Child-care costs can be a large component of a child support order and are often assigned between the parties. Payment is sometimes made a part of the order and is sometimes made directly to the provider.
A child support order may also contain a number of “deviations” and exceptions. A “deviation” is an adjustment from the guideline figure. For example, a child support order could “deviate” upward from its guideline figure by, say 10%, if the payer, voluntarily and without cause, spends no time with the child. Or an order could deviate downward if the payer has very large medical expenses.
Other issues may include hidden or unreported income, private school, earnings v. earning capacity, extracurricular activities, summer camp and many more.
Support and Custody
For support purposes, custody is counted by overnights. The party with more than 50% of overnights has “primary” custody and the party with less than 50% of overnights has “partial” custody. The person with “partial” custody usually pays child support to the person with “primary” custody. A party with partial custody can get a modest break on child support if they have at least 40% of the overnights.
A common mistake, though, is to seek shared custody or 40% of the overnights for monetary reasons. People tend to fixate on the money they might save in support and ignore the extra money needed for the care of the children, as well as the best interests of the children.

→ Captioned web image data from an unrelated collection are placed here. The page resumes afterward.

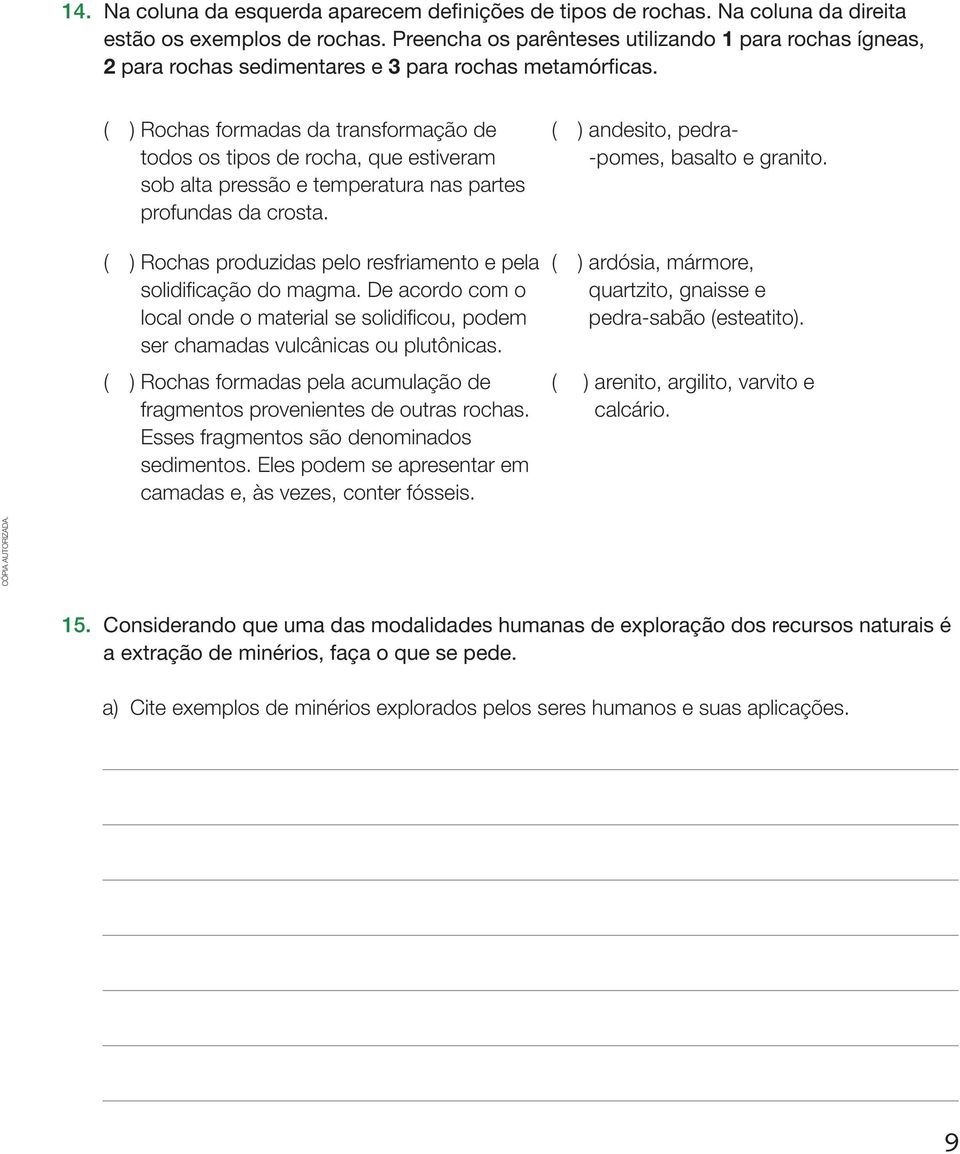 ( ) rochas formadas da transformação de todos os tipos de rocha, que estiveram sob alta pressão e temperatura nas partes profundas da crosta.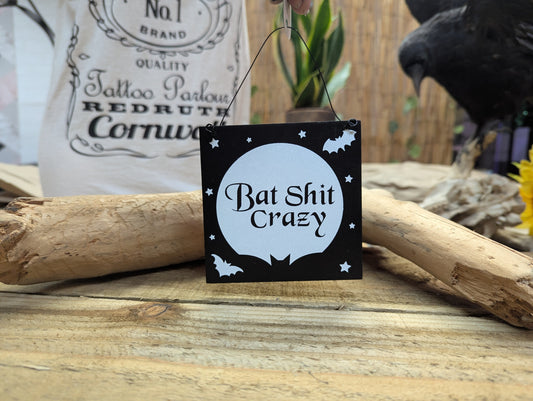 Bat sh*t crazy sign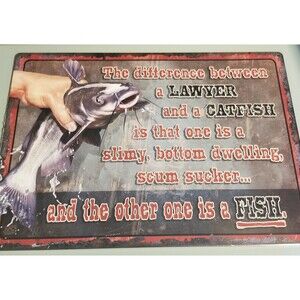 Rivers edge Metal sign fish and lawyers humor sealed
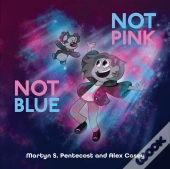 Not Pink Not Blue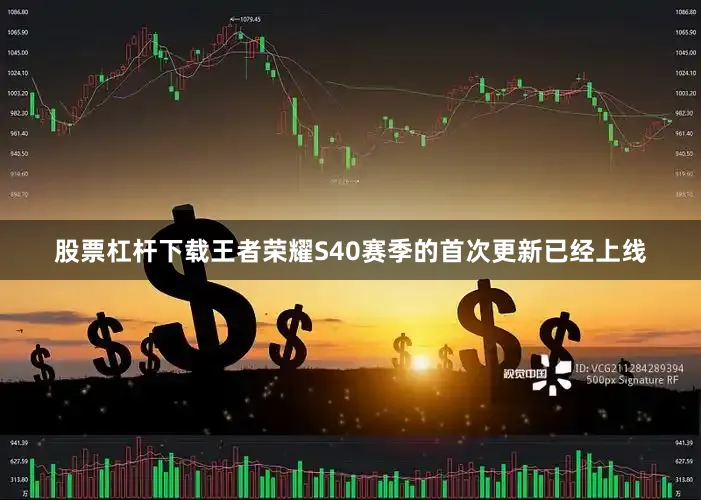 股票杠杆下载王者荣耀S40赛季的首次更新已经上线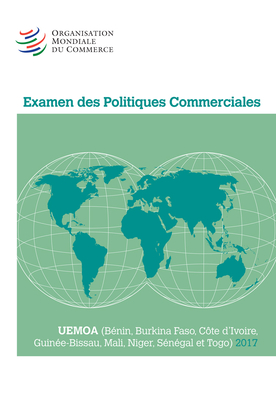 Examen Des Politiques Commerciales 2017: Uemoa: (Bénin, Burkina Faso, Côte d'Ivoire, Guinée-Bissau, Mali, Niger, Sénégal Et Togo) Cover Image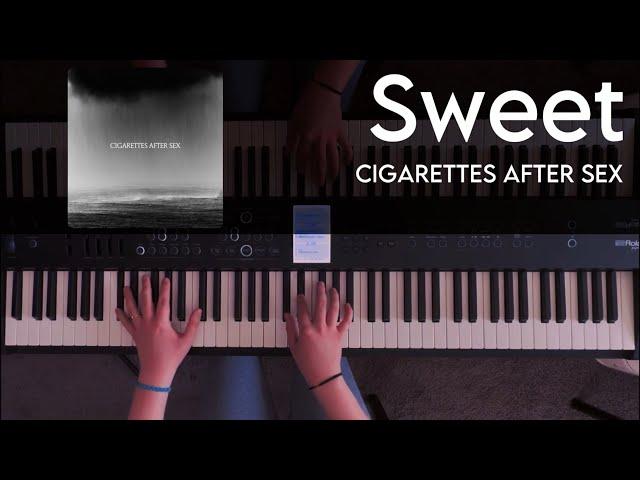 Cigarettes After Sex - Sweet (Piano Cover)
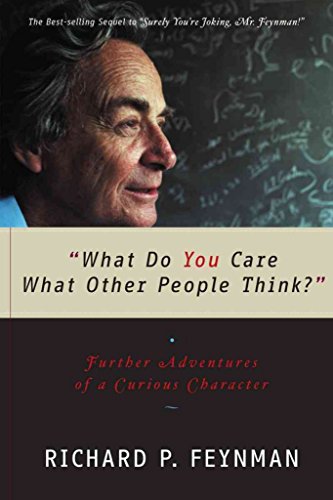 9780393320923: "What Do You Care What Other People Think?": Further Adventures of a Curious Character
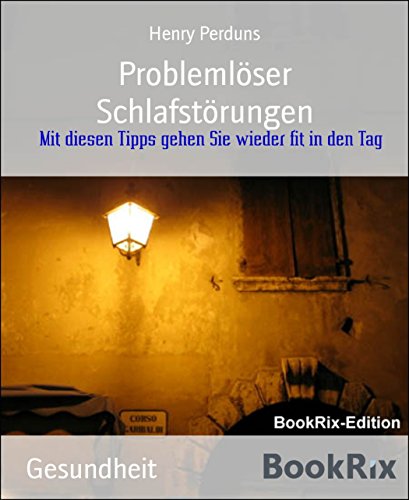 Problemlöser Schlafstörungen: Mit diesen Tipps gehen Sie wieder fit in den Tag (German Edition)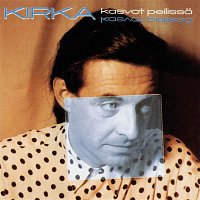 Kirka – Kasvot Peilissa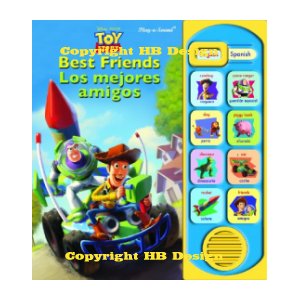 Playhouse Disney - Disney PIXAR Toy Story : Best Friends / Los Mefores Amigos. Little Bilingual Play-a-Sound Book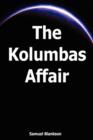 Image for The Kolumbas Affair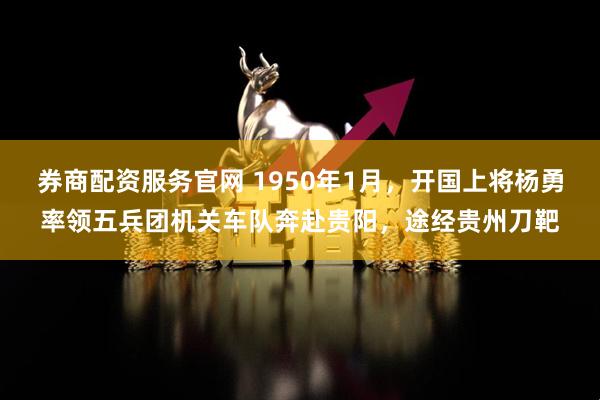 券商配资服务官网 1950年1月，开国上将杨勇率领五兵团机关车队奔赴贵阳，途经贵州刀靶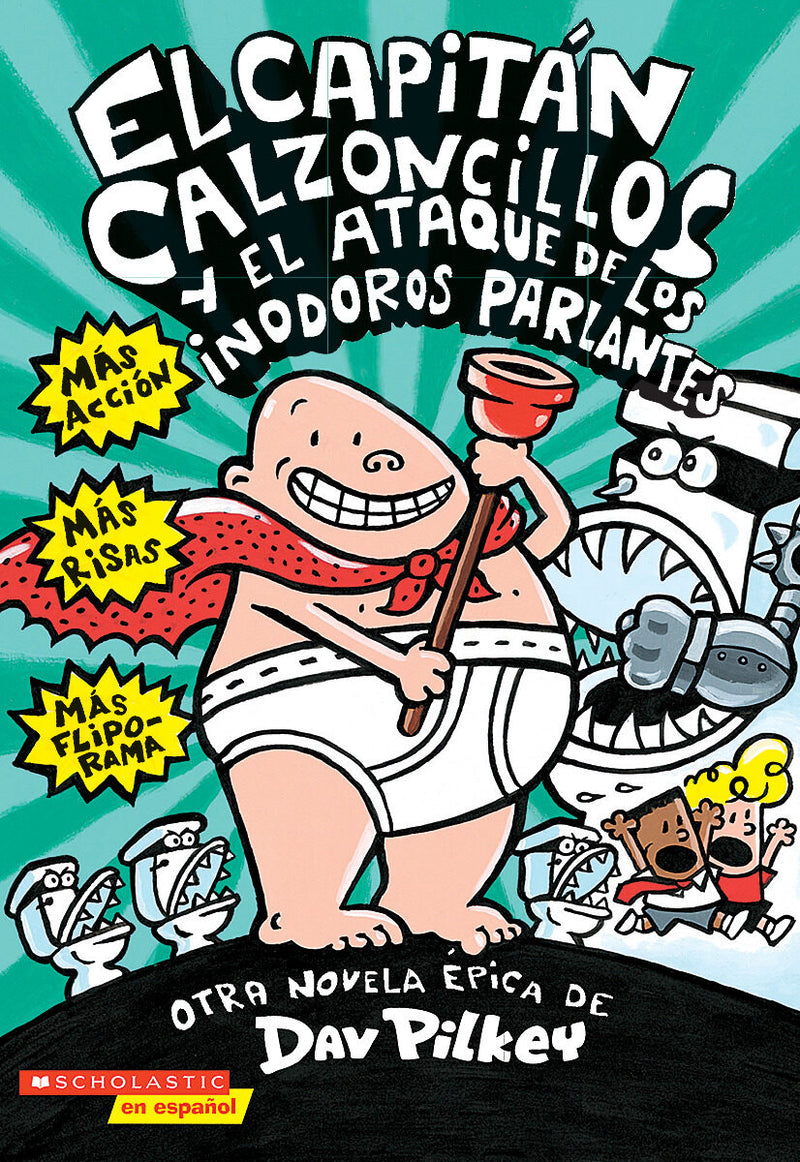El Capitán Calzoncillos y el ataque de los inodoros parlantes (Captain Underpants #2)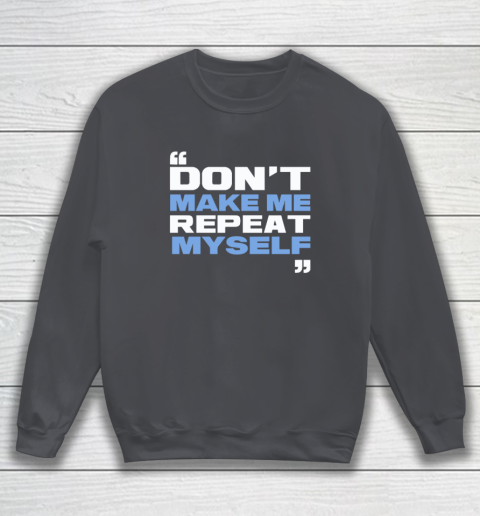 Topher Field Dont Make Me Repeat Myself Sweatshirt 3
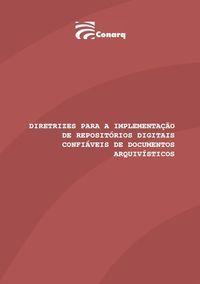 SIGAD s GestãoDOC PRO OR DUT e-arq Brasil/Moreq-JUS: Gestão de Documentos - Somente Idades Corrente e Intermediária: AIP RDC-Arq s Repositórios Arquivísticos Digitais SIP AIP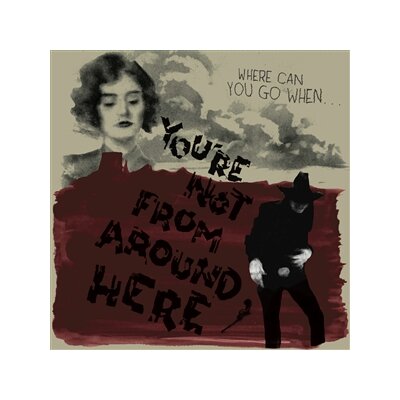 VARIOUS - YOURE NOT FROM AROUND HERE - LP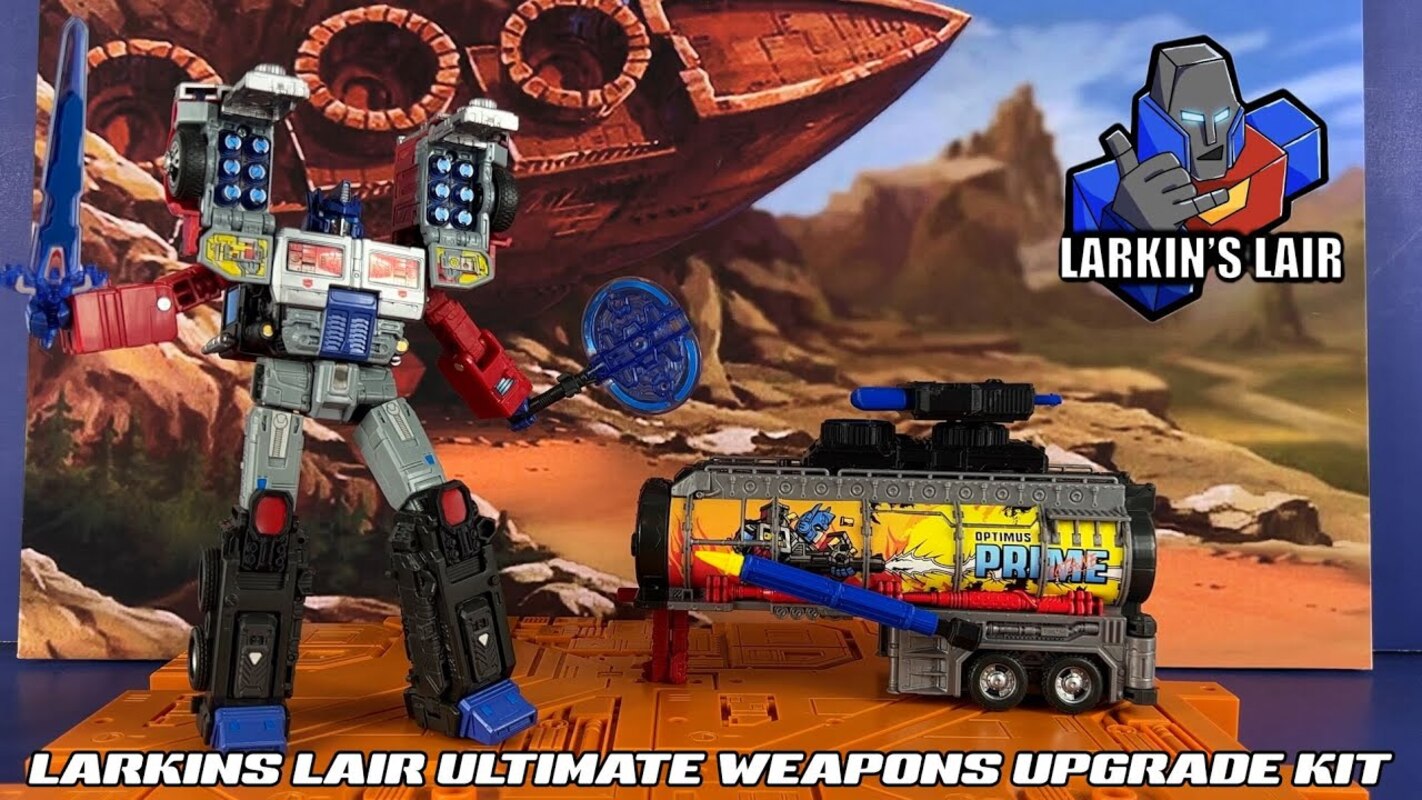 Larkin's Lair Ultimate Weapon Upgrade Kit for Legacy Laser Optimus Prime Review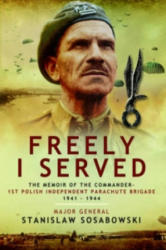 Freely I Served - Stanislaw Sosabowski (2013)
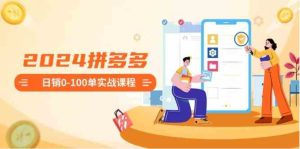 2024拼多多日销0-100单实战课程：新手注册开店到日销100单整套流程-财仔梦想资源网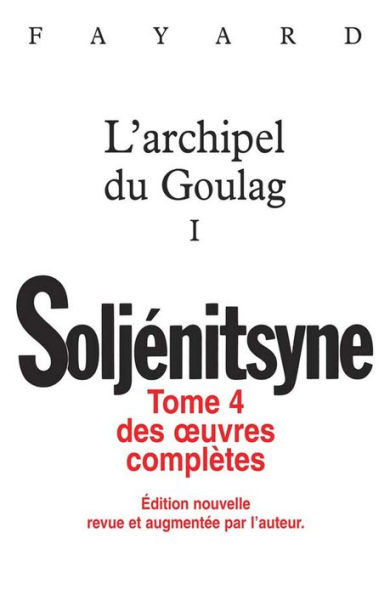 Oeuvres complètes tome 4 L'archipel du Goulag tome 1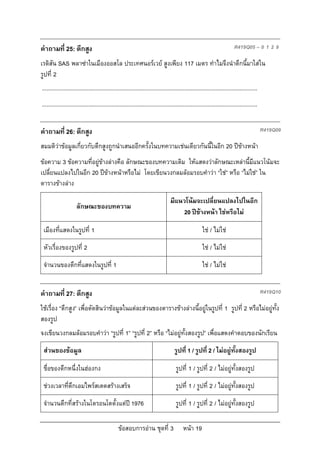 คําถามที่ 25: ตึกสูง                                                                                                        R419Q05 – 0 1 2 9

เรดิสัน SAS พลาซาในเมืองออสโล ประเทศนอรเวย สูงเพียง 117 เมตร ทําไมจึงนําตึกนี้มาใสใน
รูปที่ 2
...........................................................................................................................................
...........................................................................................................................................


คําถามที่ 26: ตึกสูง                                                                                                                          R419Q09

สมมติวาขอมูลเกี่ยวกับตึกสูงถูกนําเสนออีกครั้งในบทความเชนเดียวกันนี้ในอีก 20 ปขางหนา
ขอความ 3 ขอความที่อยูขางลางคือ ลักษณะของบทความเดิม ใหแสดงวาลักษณะเหลานี้มีแนวโนมจะ
เปลี่ยนแปลงไปในอีก 20 ปขางหนาหรือไม โดยเขียนวงกลมลอมรอบคําวา “ใช” หรือ “ไมใช” ใน
ตารางขางลาง

                                                                                  มีแนวโนมจะเปลี่ยนแปลงไปในอีก
                      ลักษณะของบทความ
                                                                                       20 ปขางหนา ใชหรือไม

 เมืองที่แสดงในรูปที่ 1                                                                                ใช / ไมใช

 หัวเรื่องของรูปที่ 2                                                                                  ใช / ไมใช

 จํานวนของตึกที่แสดงในรูปที่ 1                                                                         ใช / ไมใช


คําถามที่ 27: ตึกสูง                                                                                                                          R419Q10

ใชเรื่อง “ตึกสูง” เพื่อตัดสินวาขอมูลในแตละสวนของตารางขางลางนี้อยูในรูปที่ 1 รูปที่ 2 หรือไมอยูทั้ง
สองรูป
จงเขียนวงกลมลอมรอบคําวา “รูปที่ 1” “รูปที่ 2” หรือ “ไมอยูทั้งสองรูป” เพื่อแสดงคําตอบของนักเรียน

 สวนของขอมูล                                                                       รูปที่ 1 / รูปที่ 2 / ไมอยูทั้งสองรูป

 ชื่อของตึกหนึ่งในฮองกง                                                              รูปที่ 1 / รูปที่ 2 / ไมอยูทั้งสองรูป
                                                                                                                  

 ชวงเวลาที่ตึกเอมไพรสเตตสรางเสร็จ                                                  รูปที่ 1 / รูปที่ 2 / ไมอยูทั้งสองรูป
                                                                                                                  

 จํานวนตึกที่สรางในโตรอนโตตั้งแตป 1976                                             รูปที่ 1 / รูปที่ 2 / ไมอยูทั้งสองรูป
                                                                                                                  

                                                 ขอสอบการอาน ชุดที่ 3                    หนา 19
 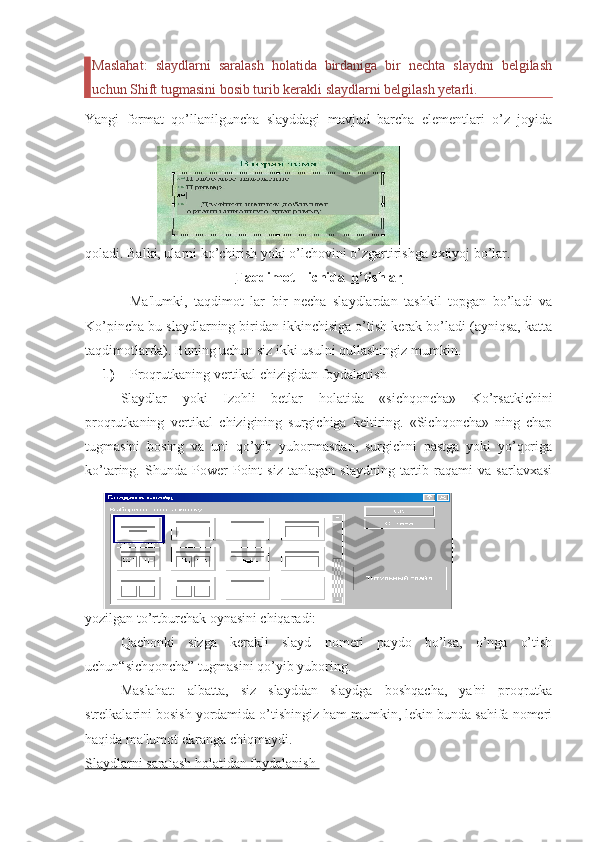 Maslahat:   slaydlarni   saralash   holatida   birdaniga   bir   nechta   slaydni   belgilash
uchun Shift tugmasini bosib turib kerakli slaydlarni belgilash yetarli. 
Yangi   format   qo’llanilguncha   slayddagi   mavjud   barcha   elementlari   o’z   joyida
qoladi. Balki, ularni ko’chirish yoki o’lchovini o’zgartirishga extiyoj bo’lar. 
Taqdimot    ichida  o’tishlar
Ma'lumki,   taqdimot   lar   bir   necha   slaydlardan   tashkil   topgan   bo’ladi   va
Ko’pincha bu slaydlarning biridan ikkinchisiga o’tish kerak bo’ladi (ayniqsa, katta
taqdimotlarda). Buning uchun siz ikki usulni qullashingiz mumkin. 
1) Proqrutkaning vertikal chizigidan foydalanish 
Slaydlar   yoki   Izohli   betlar   holatida   «sichqoncha»   Ko’rsatkichini
proqrutkaning   vertikal   chizigining   surgichiga   keltiring.   «Sichqoncha»   ning   chap
tugmasini   bosing   va   uni   qo’yib   yubormasdan,   surgichni   pastga   yoki   yo’qoriga
ko’taring.  Shunda   Power   Point   siz   tanlagan   slaydning   tartib  raqami   va   sarlavxasi
yozilgan to’rtburchak oynasini chiqaradi:
Qachonki   sizga   kerakli   slayd   nomeri   paydo   bo’lsa,   o’nga   o’tish
uchun“sichqoncha” tugmasini qo’yib yuboring. 
Maslahat:   albatta,   siz   slayddan   slaydga   boshqacha,   ya'ni   proqrutka
strelkalarini bosish yordamida o’tishingiz ham mumkin, lekin bunda sahifa nomeri
haqida ma'lumot ekranga chiqmaydi. 
Slaydlarni saralash holatidan foydalanish  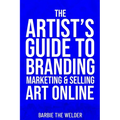 The Artist's Guide To Branding Marketing & Selling Art Online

Failure to pay child support can be enforced through the support system, but often does not directly impact custody.
In shared custody arrangements, similar earnings may mean no support either way. Otherwise, the higher earning shared-custody parent would pay support to the lower earning parent.
Support for Adult Children
Children are usually eligible for child support until they have turned 18 and also graduated from high school (or have stopped diligently attempting to graduate). Exceptions beyond age 18 exist for certain special-needs children.
College expenses are not court-ordered in the Commonwealth, except by written agreement of the parties.
Paying Support
Child support is almost always wage-attached. Just like taxes come out of pay automatically, support orders routinely garnish the payer’s wages and are then direct deposited to the recipient. Alternatively, a recipient may use an “EPPI” card (a debit card), but that is not usually recommended.
The support obligation is unaffected by an inability to garnish. In such cases, the payer will need to pay the obligation themselves. Non-payment of support for a prolonged period may result in a “contempt” action or other nasty enforcement mechanisms such as loss of a driver’s license or professional license. A tax refund is sometimes attached, even if the payer is timely.
Failure to pay child support can be “contempt of court.” Failure to pay may also result in serious consequences, such as loss of a license, attachment of refunds and even incarceration. However, the most serious consequences are usually reserved for repeated or major violations. The court does not generally care how the custodial parent spends the support money.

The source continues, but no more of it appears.